- **Exercise prompt**:
Starting from the line containing "CoreParts Battery 25.16Wh Li-ion 7.4V", give again every line through the end of the entries, word for word. Pictures stay out of the copy.

Segment Start: Data extracts

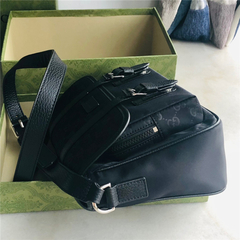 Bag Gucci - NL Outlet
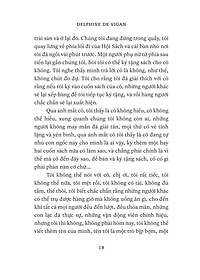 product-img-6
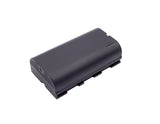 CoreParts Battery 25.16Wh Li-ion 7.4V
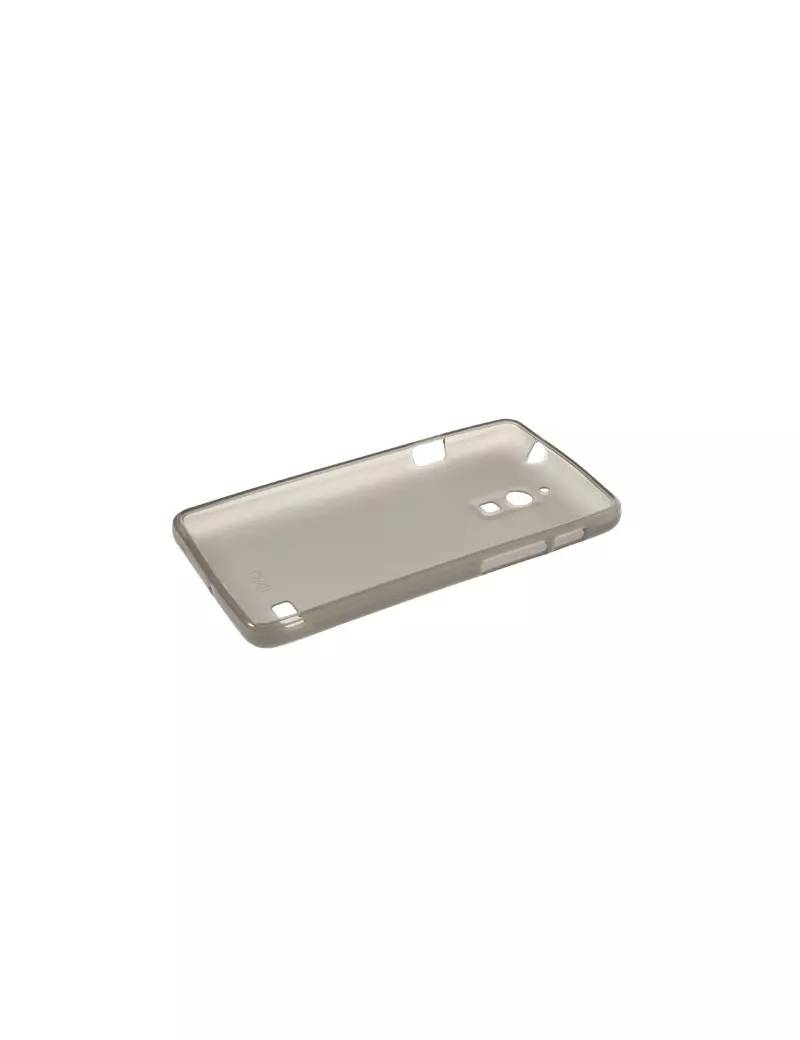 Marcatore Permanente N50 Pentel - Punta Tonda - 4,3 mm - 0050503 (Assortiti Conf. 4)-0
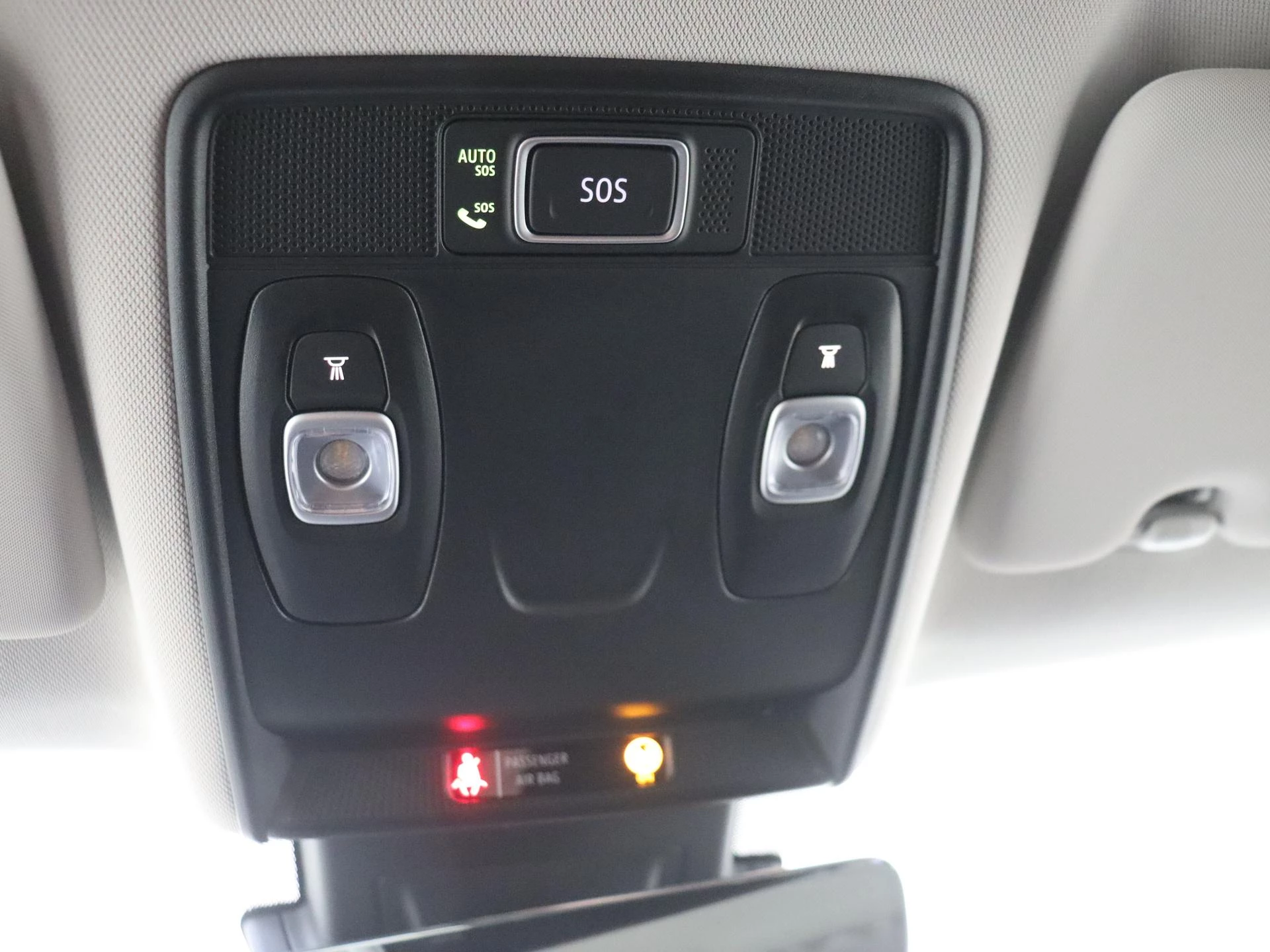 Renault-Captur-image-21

Segment End: Data extracts

- **Written solution**:
 CoreParts Battery 25.16Wh Li-ion 7.4V
 Marcatore Permanente N50 Pentel - Punta Tonda - 4,3 mm - 0050503 (Assortiti Conf. 4)-0
 Renault-Captur-image-21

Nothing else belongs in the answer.